I've noticed!! It went from people not using the chat at all...to people knowing what they're doing and calling to defend and that they have it at the kickoff...to chill people in the chat...to ultimate rage fests!



wg93589 said:


> So can someone update the bracket? http://challonge.com/GBAtempthing


Yeah I'll have it updated later when I'm not on mobile, don't worry.


----------



## Yudowat (Jan 24, 2017)

Chary said:


> I've noticed!! It went from people not using the chat at all...to people knowing what they're doing and calling to defend and that they have it at the kickoff...to chill people in the chat...to ultimate rage fests!
> 
> 
> Yeah I'll have it updated later when I'm not on mobile, don't worry.

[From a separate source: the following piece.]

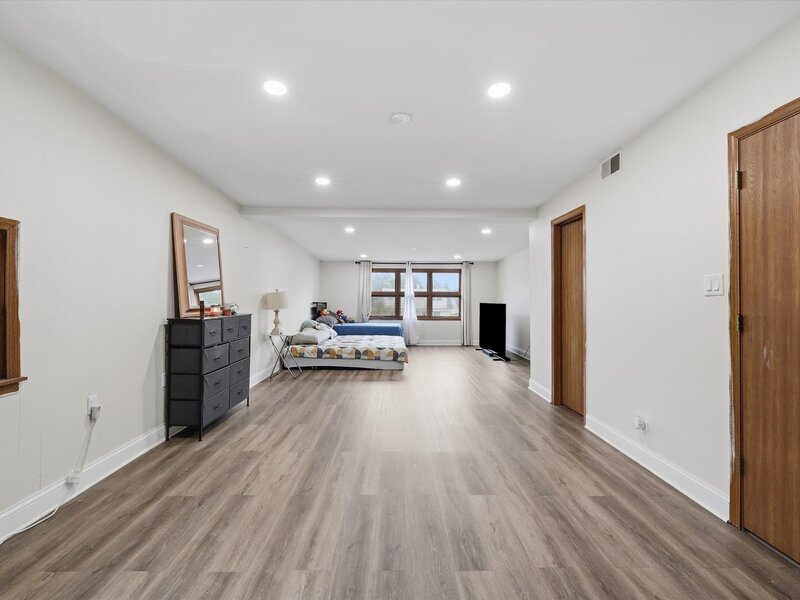 8937 Mcvicker Avenue Oak Lawn IL 60453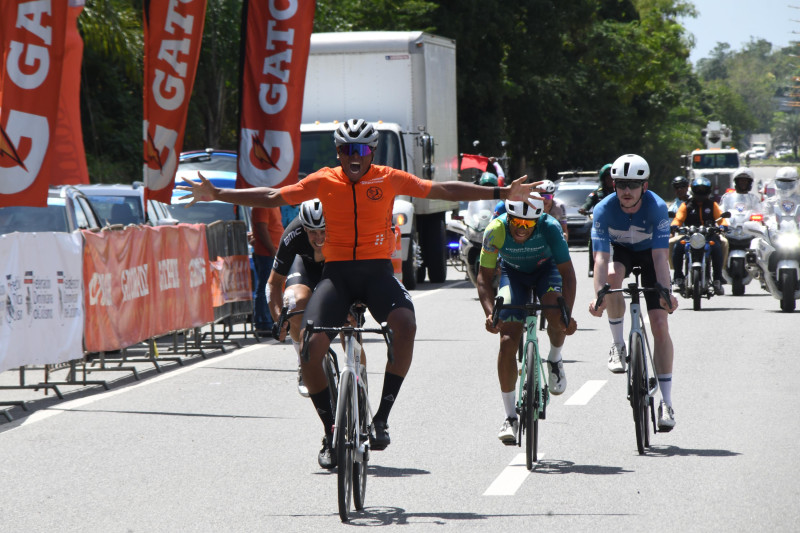 Ciclista celebra victoria con brazos alzados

If you give me the permissions to edit the bracket, I can do it while you are away/asleep for you


----------



## Chary (Jan 24, 2017)

Yudowat said:


> If you give me the permissions to edit the bracket, I can do it while you are away/asleep for you


Sure thing! How do I do that?
EDIT: updated


----------



## wg93589 (Jan 25, 2017)

@TheVinAnator @Lucar Come on Christmas is coming!


----------



## Deleted-379826 (Jan 25, 2017)

wg93589 said:


> @TheVinAnator @Lucar Come on Christmas is coming!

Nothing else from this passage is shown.